鵡川河口

(むかわ町)   鵡川河口 

 

 本会では毎年春と秋の2回、探鳥会を開催しています。集合場所は町営温泉「四季の館」の駐車場で、そこから徒歩で国道235号線を横切り、およそ5分で鵡川牧場です。鵡川河口案内図 

 平成14年に牧場内を通る歩道ができ、探鳥コースはこの歩道を通ることになりました。牧場に入ってすぐ右前方の入江のようなところには、アオサギやカモ類が少数ですがみられます。春にはセイタカシギがいたこともあります。牧場内では牧柵の先やバラ線にとまるモズ、ノビタキ、オオジュリン、カワラヒワなどがみられます。斜めの細長い低地の湿地帯や水溜まりにはコチドリやヒバリシギがいるかも知れません。牧場内の草原ではチュウシャクシギがよく見られます。数羽のチュウシャクシギが採餌をしたり、時にはまとまって飛んだりします。一回り大きいホウロクシギがいることもあります。

 牧場の草原を横切ると鵡川の右岸に出ます。川岸から上流側、対岸、下流側と一通り双眼鏡で見渡しますと、水面や岸辺にはアオサギ、ダイサギ、カモ類が、対岸の木には、希にカワセミやオオタカがみられます。下流側の岸辺を丹念に見ますとシギ・チドリ類を見出すことができます。 時には水面近くや、もう少し上をシギ・チドリ類が飛ぶことがあります。 海との境にある突き出した砂州にはたいていカモメ類がたくさんいます。ウミネコ、オオセグロカモメ、セグロカモメ、ユリカモメが多く、シロカモメが少数。注意して見るとミツユビカモメがいることもあります。

Googleマップ

 ところで、かつて鵡川の河口部には海岸線に平行に、約2.5kmにもわたって広い干潟が存在していました。それが現在ではほとんど消滅しています。排水溝の設置や近隣の港湾建設などの影響でしょうか、海岸線の浸食が著しくなり、1975年(昭和50年)頃に比べて海岸線が400mも後退し、そこにあった干潟や潟湖もなくなってしまいました。残念なことに、それに伴って観察されるシギ・チドリ類が種類数・個体数とも近年著しく減少しています。

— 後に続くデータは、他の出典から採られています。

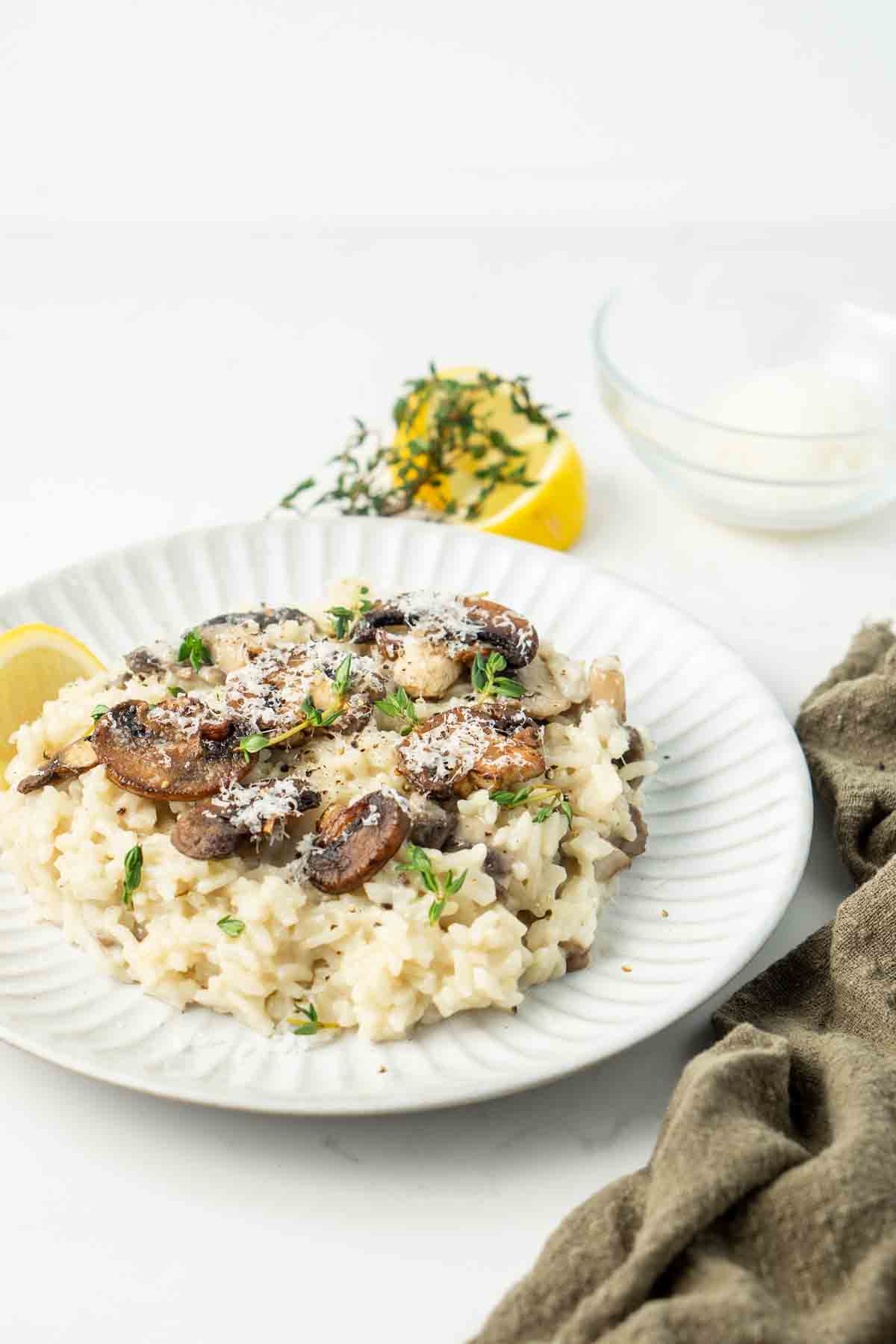Mushroom risotto served on a white plate.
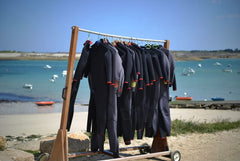 Hanging wetsuits drying in the sun at the beach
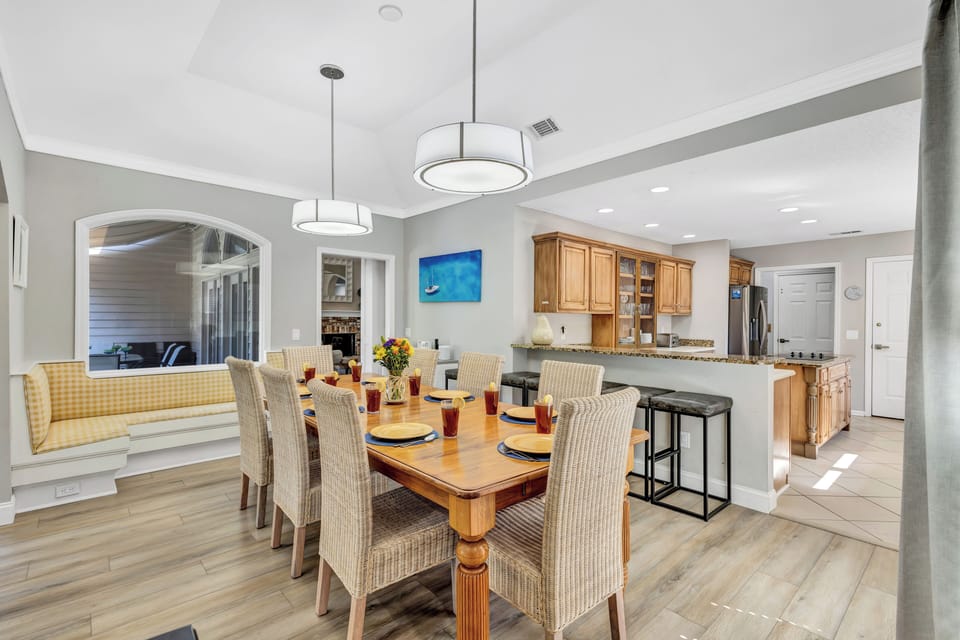 Adjacent to this, a fully-equipped kitchen is ready to handle casual meals and holiday feasts alike.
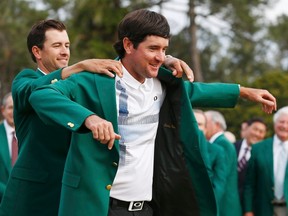 Bubba Watson (right) is presented with his green jacket by 2013 winner Adam Scott (left) after winning the Masters at the Augusta National Golf Club in Augusta, Ga. on Sunday, April 13, 2014. (Jim Young/Reuters/Files)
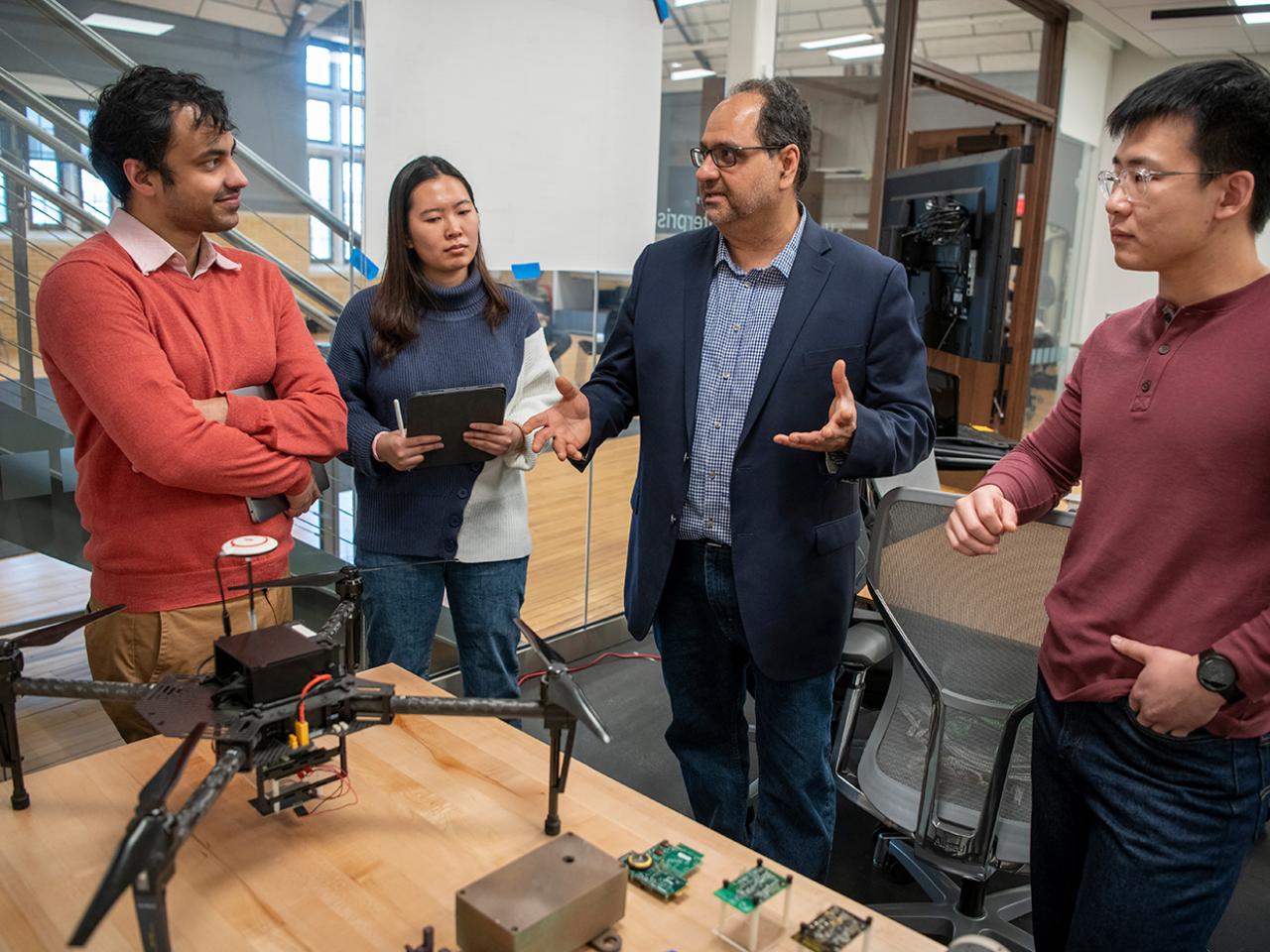 Computer Science and Engineering professor Ness Shroff with students from his research lab.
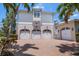 Spacious three-car garage plus single car garage with attractive brick driveway, beautiful landscaping, and ample parking at 755 Bay Esplanade, Clearwater Beach, FL 33767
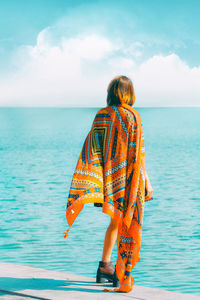 Woman with scarf standing at beach against sky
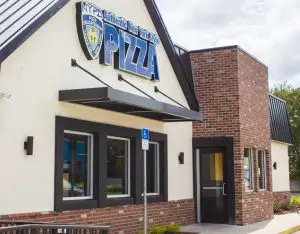 Exterior of the NYPD Pizza Apopka restaurant with white walls, black trim, and a brick entry tower.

 現在北海道開発局により、鵡川河口の浸食対策と環境保全事業が5カ年計画(平成12年度から16年度まで)で進められてます。地元の人たちの運動が実り、人口干潟(総面積2ヘクタール)も造られることになり、平成13年5月現在では、その半分が既に造成済みです。事業の進展とともにかつての鵡川河口、干潟が再生し、いつの日かまた多数のシギ・チドリ類が群れる鵡川河口が戻ってきてほしいものです。

 

 

公共交通機関……札幌駅前バスターミナル発(地下鉄大谷地駅バスターミナル経由)浦河行き道南バス(ペガサス号)に乗車、「四季の館」で下車します。